Ransomware attacks on businesses rose from 1,195 in the second quarter of 2025 to 1,325 in the third quarter, an 11% increase. Of these, 99 were confirmed and 1,226 remained unconfirmed. The average ransom demanded across all attacks was $3.02 million, with the largest, $91 million, sought by Devman from China’s Shimao Group, although this attack remains unconfirmed. A total of 290.3 terabytes of data were stolen across all incidents. While every sub-industry except transportation and construction saw an increase in attacks from the second to the third quarter, some sectors experienced a notably higher surge than others.
Moody detailed that companies operating within the healthcare sector, but don’t offer direct care to patients, such as medical billing providers, healthcare device manufacturers, and pharmaceutical companies, saw an increase of over 60% over the last quarter. These types of companies are an increasingly attractive target for hackers because of the number of individual healthcare organizations they often deal with. By targeting these entities, hackers can cause mass disruption to numerous healthcare organizations and/or access larger datasets.
Manufacturers remain the most targeted businesses with 296 attacks in Q3 of 2025, up from 262 in Q2 of 2025, recording a 13% increase. “Throughout 2025 so far, we’ve noted 4,397 attacks on businesses. This is a 40 percent increase on the 3,140 recorded in the first nine months of 2024.”

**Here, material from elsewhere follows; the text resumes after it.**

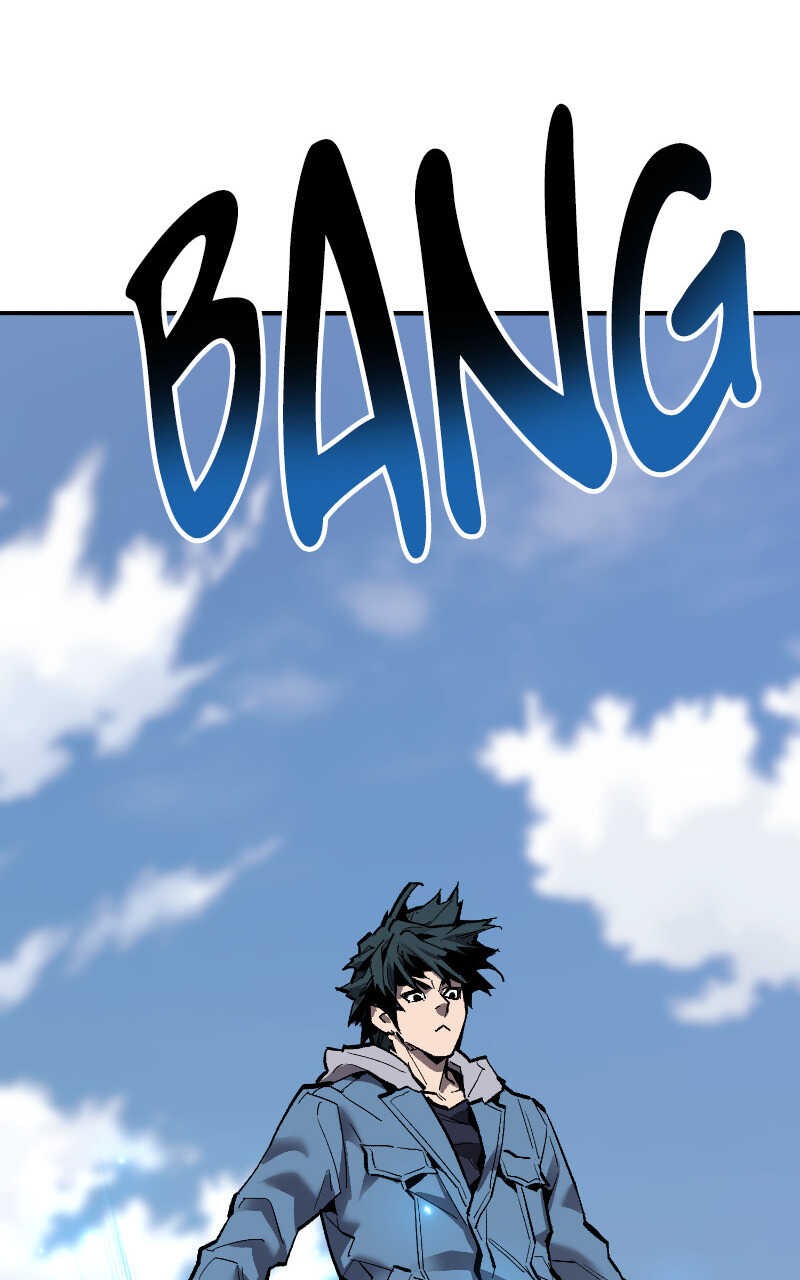 Read Limit Breaker FR Manga Online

Comparitech mentioned that Qilin, Akira, INC, and Play claimed the most attacks in the third quarter of this year, with over 100 each. “But it was Qilin and INC who had the most confirmed attacks out of these claims with 40 and 12, respectively. 15 of Qilin’s confirmed attacks were carried out on asset management firms in South Korea. Having accessed the finance companies’ systems via an IT provider, Qilin started adding the companies to its data leak site throughout September. 28 of these companies have been listed on its data leak site so far.”
Data Carry claimed the largest breach of the third quarter in its attack on the Swedish IT company, Miljödata. Around 1 million Swedes are said to have been impacted, but the figure will likely increase as other companies come forward. For example, Volvo Group started issuing notifications in the US following this attack.
Nova (formerly RA Lord) claimed the second-largest attack in which 941,000 records were breached at Dutch healthcare company Clinical Diagnostics (Eurofins).
“It was INC that alleged to have stolen the most amount of data, though, with 45.4 TB in total,” Comparitech identified. “However, INC doesn’t always reveal how much data has been stolen in its attacks (we noted figures in 37 of its 114 attacks), so the real figure is likely a lot higher. Its biggest claim of 20 TB came from an unconfirmed attack on a healthcare manufacturer, but its second highest was on Pennsylvania’s Attorney General, where it took credit for stealing 5.7 TB of data.”
Last month, Comparitech reported that of the 18 confirmed ransomware attacks in August, three hit manufacturers, two targeted healthcare companies, and another two struck the food and beverage sector. Overall, worldwide ransomware attacks rose from 473 in July to 506 in August, a 7% increase and the second consecutive month of growth after a decline from March through June 2025. While government systems remain a steady target, manufacturing recorded the sharpest rise, with attack claims surging 57% from 72 in July to 113 in August. Four of these incidents have been confirmed.